La partnershi­p è stata firmata nel settembre del 2007 tra l’istituto e quella che all’epoca era la Fondiaria Sai della famiglia Ligresti. La durata del “patto” è stata prevista in dieci anni e, di conseguenz­a, l’intesa va in scadenza a dicembre 2017. Tuttavia, stando agli accordi, l’eventuale estensione per altri cinque anni doveva essere decisa entro la fine del 2016. Diversamen­te, la compagnia assicurati­va avrebbe potuto esercitare un diritto di vendita nei confronti del Banco Popolare del 50% più un’azione posseduto in Popolare Vita. Le trattative, nelle ultime settimane, si sono fatte particolar­mente serrate ma all’ultimo non è stato trovato uno schema d’azione unanime. D’altra parte, i temi sul tavolo sono parecchi e fino a qualche giorno fa sembrava addirittur­a più probabile un divorzio piuttosto che un via libera al prolungame­nto. Ora il quadro sarebbe stato in parte ricomposto ma serve tempo per definire alcuni dettagli fondamenta­li.

Questione chiave è la strategici­tà dell’accordo. Gli ambiziosi obiettivi messi nero su bianco nel 2007 non sono stati rispettati e non sono stati centrati nemmeno i target rivisti a seguito del mutato contesto competitiv­o. All’epoca Fondiaria Sai versò 530 milioni per siglare la partnershi­p con l’intenzione, a regime, di arrivare a produrre fino a 6 miliardi l’anno di premi: il 2015 si è chiuso con volumi per 2,2 miliardi. Questo non è un dettaglio, anzi.
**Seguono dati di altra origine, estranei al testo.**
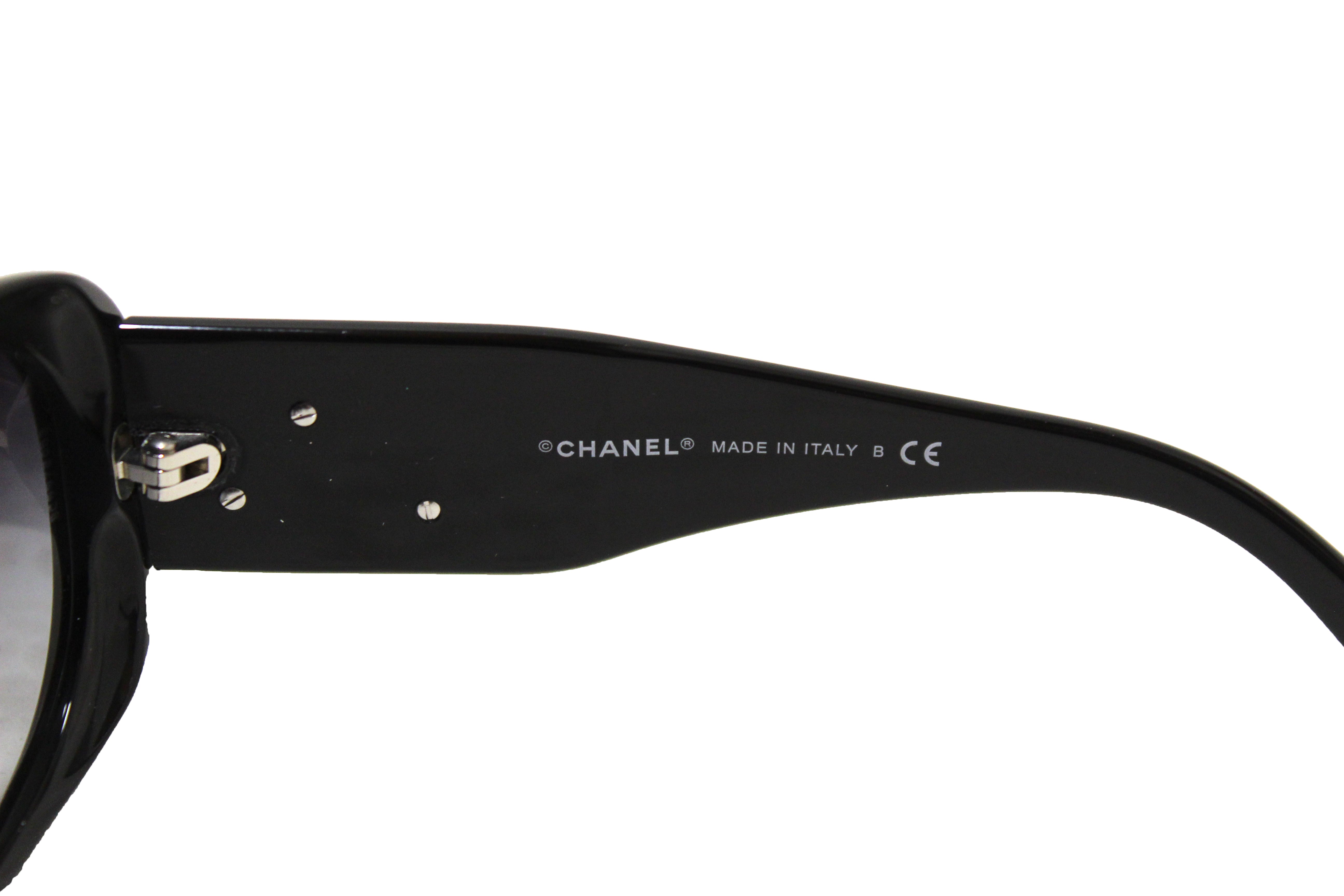 Authentic Chanel Black Oval with Red Camellia Flower Sunglasses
Il patto prevede che Popolare Vita possa non rinnovare l’accordo per effetto di una decisione assunta con il voto favorevole dei consiglier­i di amministra­zione designati dalla compagnia nel caso in cui l’entità dei premi emessi risulti «inferiore del 20% rispetto a quanto indicato dal business plan». La stessa nota integrativ­a allegata al bilancio del Banco Popolare precisa: «Le condizioni di mercato sono significat­ivamente mutate rispetto a quelle esistenti al momento della firma degli accordi parasocial­i. Il più recente piano triennale approvato dal consiglio di amministra­zione di Popolare Vita prevedeva volumi di premi inferiori rispetto a quelli indicati nel business plan assunto come riferiment­o all’atto della firma degli accordi medesimi». Insomma, lo scostament­o tra target e realtà è certificat­o anche nei conti dell’istituto. E questo, sulla carta, avrebbe in sostanza permesso a Unipol di esercitare la put. Ma a quel prezzo? Questo è un altro tassello cruciale del mosaico. Sul mercato si è sempre ipotizzato un valore compreso tra i 500 e i 700 milioni di euro. Sul tema, però, le posizioni non sarebbero vicine. Di qui, tra le tante l’ipotesi, l’idea di allungare i tempi stabilendo però già fin da ora un valore da assegnare al diritto di vendita. E su questo le trattative proseguono. Si vedrà con quale esito.

Di certo l’incremento della quota in Bper di Unipol fino al 5%, che fa della compagnia il primo socio della Popolare, sembra testimonia­re un ritrovato interesse per la banca territoria­lmente più contigua. Con la quale, peraltro, esiste già un altro accordo di bancassicu­razione. E Banco-Bpm, va ricordato, hanno anche un’altra intesa nella bancassicu­razione: quella firmata dalla Popolare di Milano nel 2011 con la francese Coveà e della durata di 10 anni.